>>>

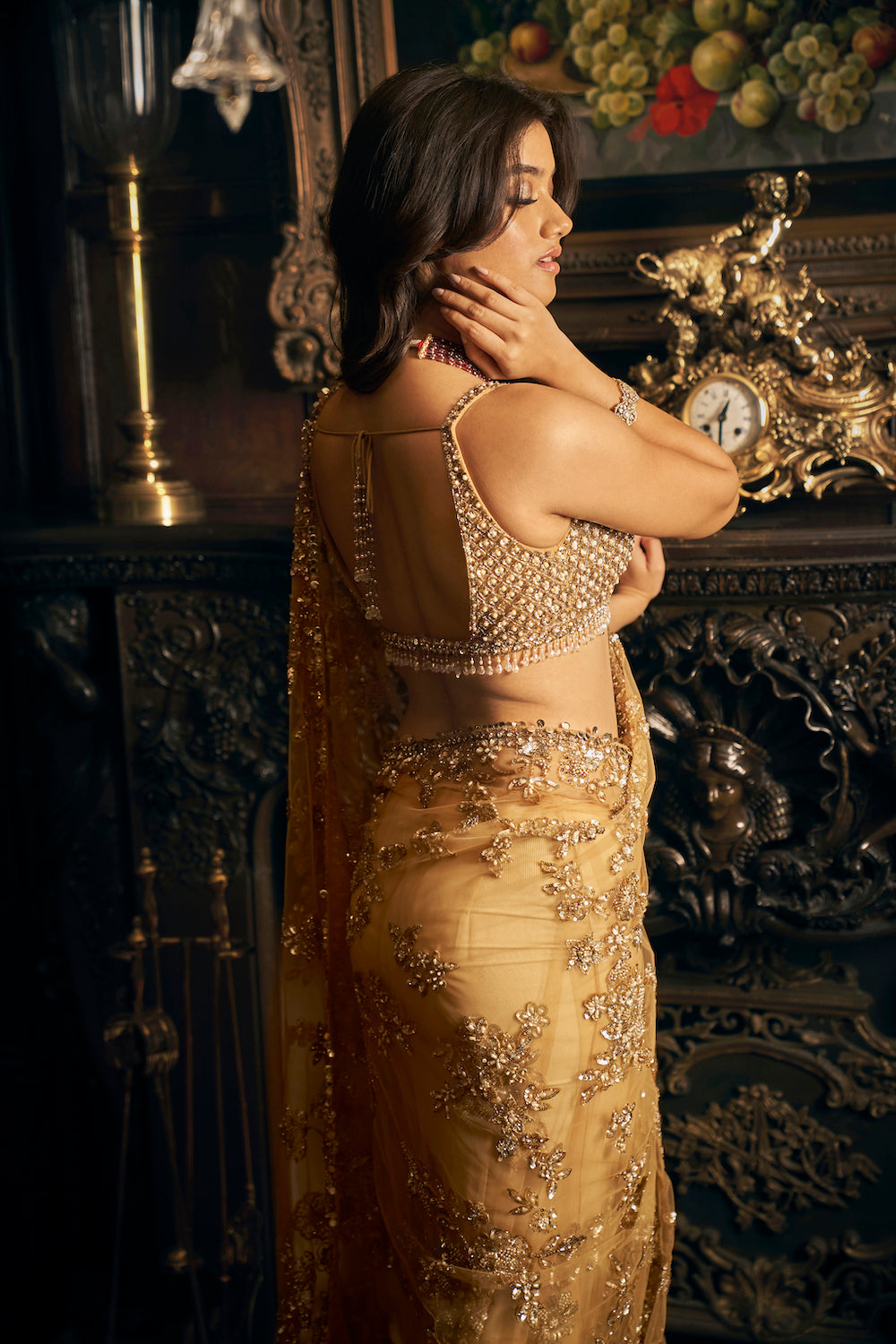 Gold Net Saree 3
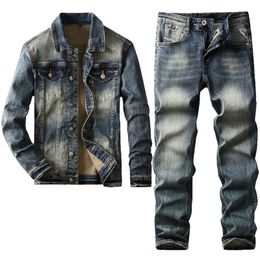 Retro Blue Simple Men's Jeans Suit Autumn Winter Classic Denim Jacket and Pants 2-Piece Set American Style Slim Fit Streetwear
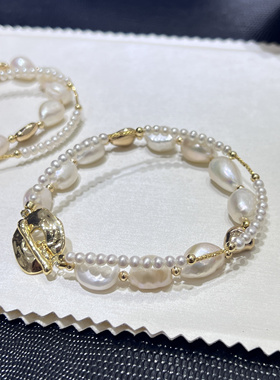 初夏设计款淡水巴洛克珍珠手链女小众精致高级手串高端手饰3-10mm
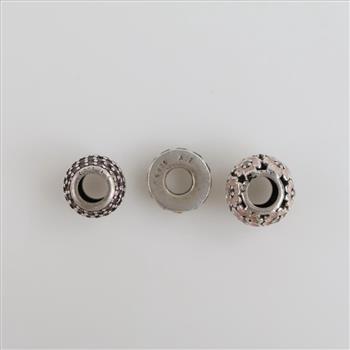Pandora Sterling Silver Charms, 3 Pieces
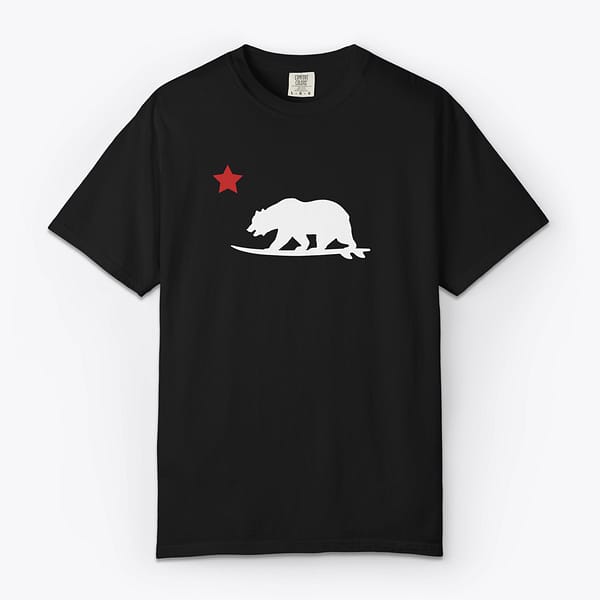california surf with bear on surfboard and red star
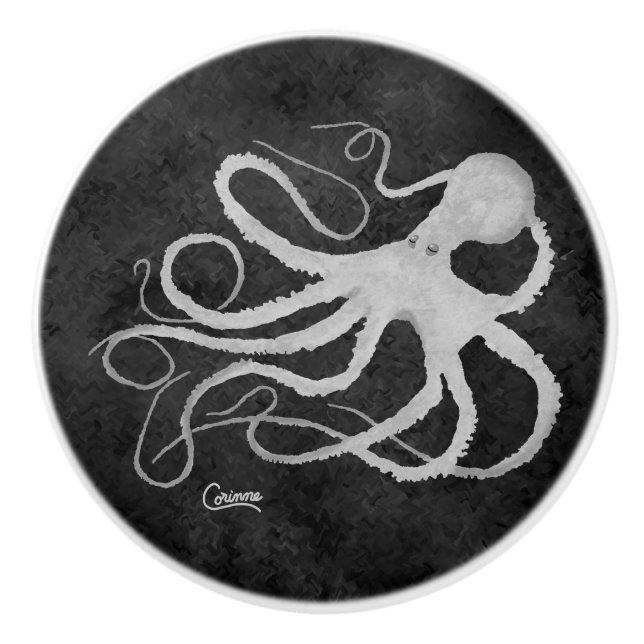 Oktopus auf dunkelgrau R - Knochen Keramikknauf (Vorderseite)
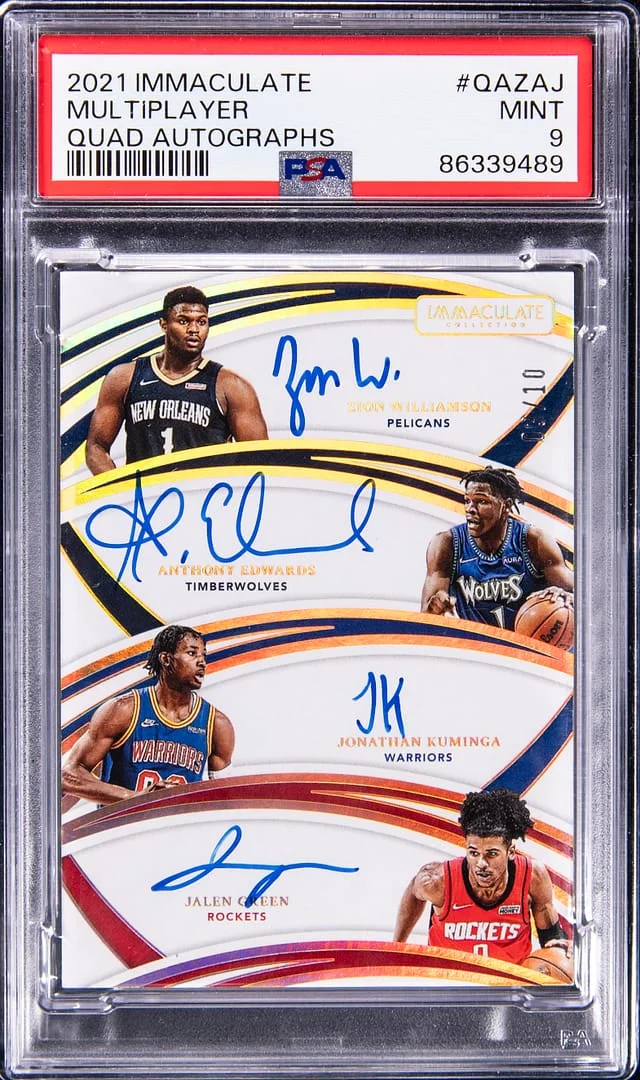 2021-22 Panini Immaculate Collection Zion Williamson/Anthony Edwards/Jonathan Kuminga/Jalen Green Multi-Signed Quad Autographs #QA-ZAJ card image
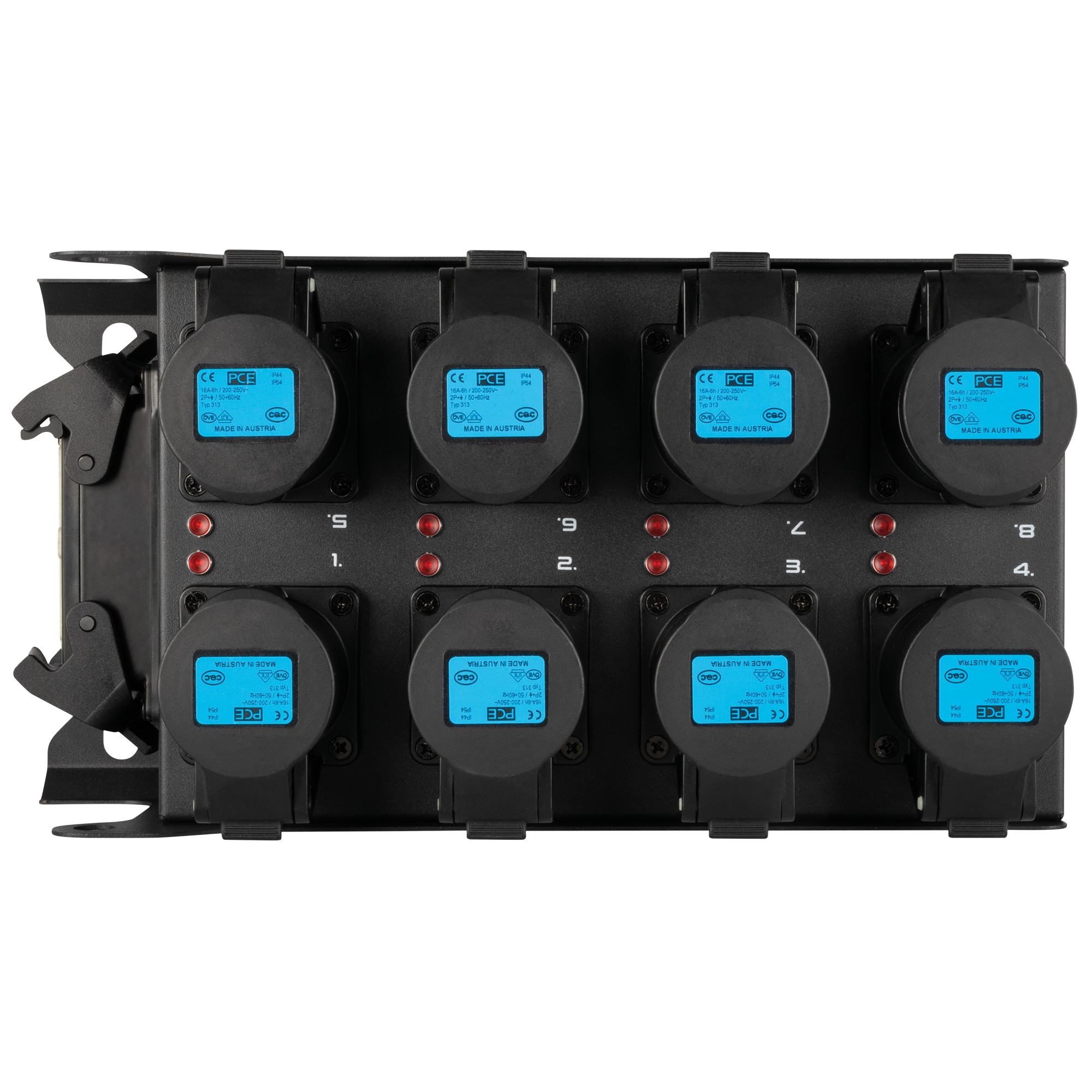 SHOWGEAR PowerCore 1m.8c Breakout da ingresso Multipin H16 a 8x CEE 16A (1P+N+PE)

<<<

[Activity] Please retype the records above exactly, but leave out any pictures.

[Written reply]
 Gold Net Saree 3
 Retro Blue Simple Men's Jeans Suit Autumn Winter Classic Denim Jacket and Pants 2-Piece Set American Style Slim Fit Streetwear
 初夏设计款淡水巴洛克珍珠手链女小众精致高级手串高端手饰3-10mm
Pandora Sterling Silver Charms, 3 Pieces
california surf with bear on surfboard and red star
 Oktopus auf dunkelgrau R - Knochen Keramikknauf (Vorderseite)
 2021-22 Panini Immaculate Collection Zion Williamson/Anthony Edwards/Jonathan Kuminga/Jalen Green Multi-Signed Quad Autographs #QA-ZAJ card image
 SHOWGEAR PowerCore 1m.8c Breakout da ingresso Multipin H16 a 8x CEE 16A (1P+N+PE)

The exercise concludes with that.